The aim of this study is to illustrate the significance in the extradural and periannular enhancements on fat suppressed magnetic resonance (MR) imaging and relationship with clinical outcome in patients with radicular pain or midline back pain. The inflammatory change is concerned with peripheral venous dilation and neoangiogenesis in the lesion site. The change is easily detectable on the enhanced and fat-suppressed MR images. In a prospective study, 1056 patients were enrolled performing gadolinium-enhanced lumbar spine MRI studies with fat suppression. 607 patients met the inclusion criteria. The patients were divided into three groups such as midline back pain (n=151), unilateral suprailiac and upper buttock pain (n=117), lower buttock or leg pain (n=339). Provocative epidural injections via transforaminal approach to patients with lateralizing symptom and interlaminar approach to those with midline symptom were performed according to the enhancement sites. Pain distribution, patterns and locations of extradural and periannular enhancement adjacent to annular tears on MRI were assessed.

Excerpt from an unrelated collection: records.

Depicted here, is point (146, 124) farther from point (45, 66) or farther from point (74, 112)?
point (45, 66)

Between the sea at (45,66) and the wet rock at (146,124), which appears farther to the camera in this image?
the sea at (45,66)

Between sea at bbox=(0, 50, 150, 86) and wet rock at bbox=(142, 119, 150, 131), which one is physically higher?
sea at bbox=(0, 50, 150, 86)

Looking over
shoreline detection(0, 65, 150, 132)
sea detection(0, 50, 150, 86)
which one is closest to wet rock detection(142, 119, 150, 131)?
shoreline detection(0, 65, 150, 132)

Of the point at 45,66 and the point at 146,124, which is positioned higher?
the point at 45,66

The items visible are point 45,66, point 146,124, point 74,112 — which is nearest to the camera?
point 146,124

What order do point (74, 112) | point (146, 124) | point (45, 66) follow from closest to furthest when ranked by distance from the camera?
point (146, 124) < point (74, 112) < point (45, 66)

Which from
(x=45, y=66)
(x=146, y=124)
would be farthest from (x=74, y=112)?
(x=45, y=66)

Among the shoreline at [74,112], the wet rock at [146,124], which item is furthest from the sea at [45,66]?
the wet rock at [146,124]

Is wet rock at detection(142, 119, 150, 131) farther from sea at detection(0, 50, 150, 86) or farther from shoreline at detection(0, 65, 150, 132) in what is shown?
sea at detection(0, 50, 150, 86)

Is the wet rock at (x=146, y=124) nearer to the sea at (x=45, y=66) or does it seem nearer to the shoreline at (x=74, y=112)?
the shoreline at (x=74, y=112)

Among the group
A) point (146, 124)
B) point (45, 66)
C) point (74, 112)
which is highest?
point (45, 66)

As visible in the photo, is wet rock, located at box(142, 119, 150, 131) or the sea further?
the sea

In midline back pain group, enhancement was prominent in the retrocorporeal subligamentous fibrovascular tissue and ventral epidural venous plexus (74% in patients without protrusion, 100% with protrusion) and then, central circumferential tear with lake or slit shape (56% in patients without protrusion, 8% with protrusion). Favorable outcome (over 50% pain relief) was obtained in 95% of patients. In suprailiac and upper buttock pain group, ipsilateral foraminal and extraforaminal periannular enhancement (100%) was predominant in patients without protrusion. Mostly, they occurred near HIZ on T2-WI. 50% of patients with protrusion had ipsilateral enhancement in the ventral epidural and subarticular area. All patients showed favorable response. In lower buttock or leg pain group, ipsilateral foraminal and extraforaminal periannular enhancement were predominant in 70% of patients without protrusion, 98%/100% of those with foraminal/extraforaminal protrusion. Ipsilateral ventral epidural venous enhancement was detected in 100% of patients with mild protrusion or extruded disc. Favorable outcome occurred in 91% without protrusion, 92% with mild protrusion and extrusion, 95% with foraminal disc, and 100% with extraforaminal disc.
Enhancement site around disc space may be relevant in the diagnosis of symptomatic chemical radicular pain and midline back pain. This will help interventionists to reduce the amount of injectate via a target-specific approach.